Il 68 francese dei giovani raccontato senza retorica

“Après mai”, di Olivier Assayas , presentato in concorso oggi al Festival di Venezia è un bel film che riconcilia con il grande schermo, dopo le troppo narcisistiche e spesso presuntuose priezioni di registi di grido che hano fondamentalmente deluso. Nella Parigi dell’inizio anni Settanta, Gilles è un giovane liceale preso dall’effervescenza politica e creatrice del suo tempo, come i suoi compagni esita tra un impegno radicale e delle aspirazioni più personale. Fra relazioni amorose, rilevazioni artistiche e perplessità ideologiche, in un viaggio che attraverserà l’Italia e finirà a Londra, Gille e i suoi amici dovranno fare scelte decisive per trovare se stessi in un epoca tumuoltuosa.

Ben girato, con attori giovani esordienti quanto convincenti, una ricostruzione d’ambiente accurata e senza sbavature, una colonna sonora d’epoca magistrale, “Après mai” è un film che non concede niente alla retorica ne ak reducismo e che mette ben in evidenza l’eccesso della realtà politica di queglianni, l’utopia di una classe operaia nella quale i giovani e piccoli borghesi intendevano confluire, le meschinità e la cicità del mondo extra parlamentare di allora pronto a sbranarsi per ogni critica e a denunciarsi vicendevolmente “deviazionismo”.

Secondo Assayas non si tratta di un film autobiografico. “L’autobiografia al cinema non funziona. Si scrive sempre con i ricordi, più o meno deformati, più o meno idealizzati, specie quando si tratta dell’adolescenza, l’età in cui le immagini più forti si scrivono quasi a nostra insaputa. Credo moltissimo alla gioventù come fonte d’ispirazione, come verità intima alla quale bisogna costantemente confrontarsi”.

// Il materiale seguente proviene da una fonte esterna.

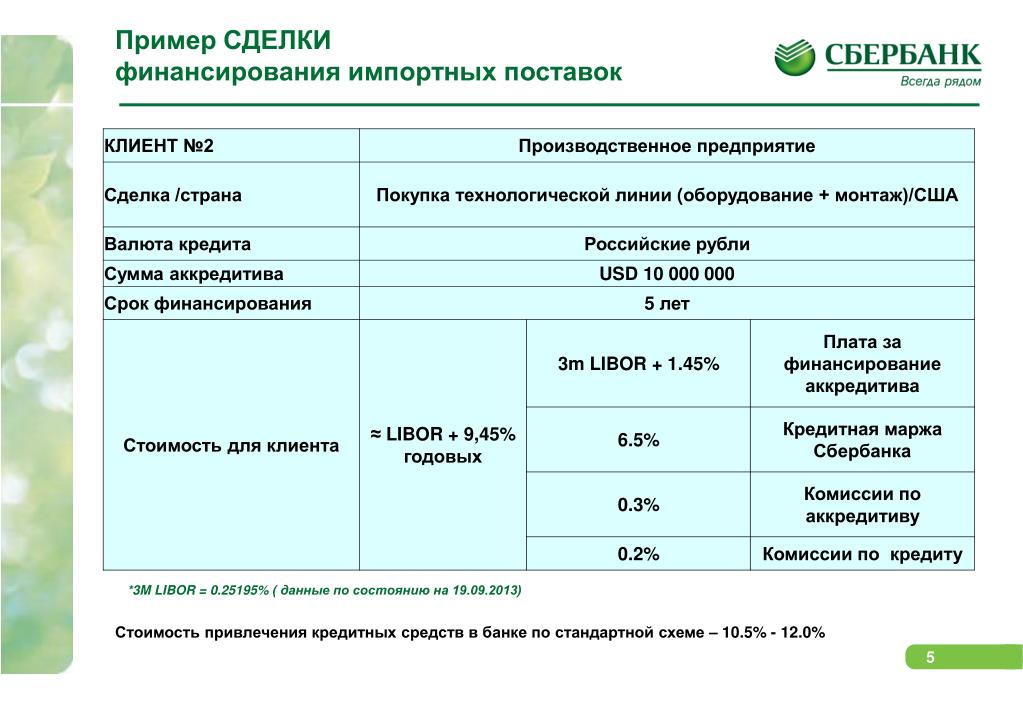 Сбербанк дата выплаты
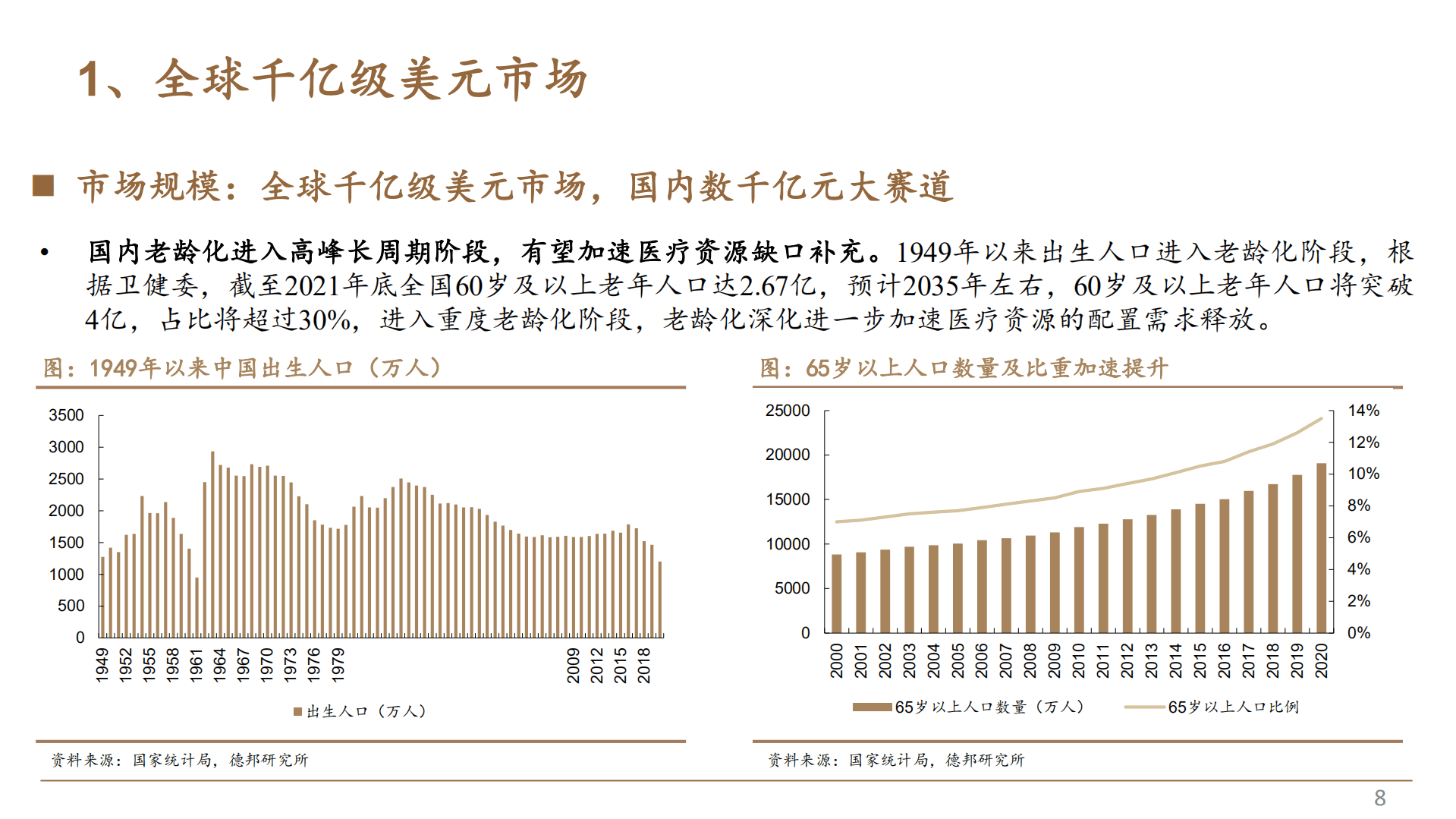 2022年中国医疗设备市场发展趋势分析报告.pdf 第6页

Nato nel 1955 Assayas è cresciuto è cresciuto durante gli anni SEttanta. “C’è una frase che nel film prunucia Gilles nella quale mi riconosco abbastanza e che dice: ‘il reale bussa alla mia porta e io non apro’. Come lui anche io da ragazzo avevo la sensazione che la vita fosse altrove e che il mondo mi sfuggisse. Come Gilles anche io ero permeabile certamente allo spirito dell’epoca ma non al punto da lasciarmi ingannare ne da rimanerne vittima”.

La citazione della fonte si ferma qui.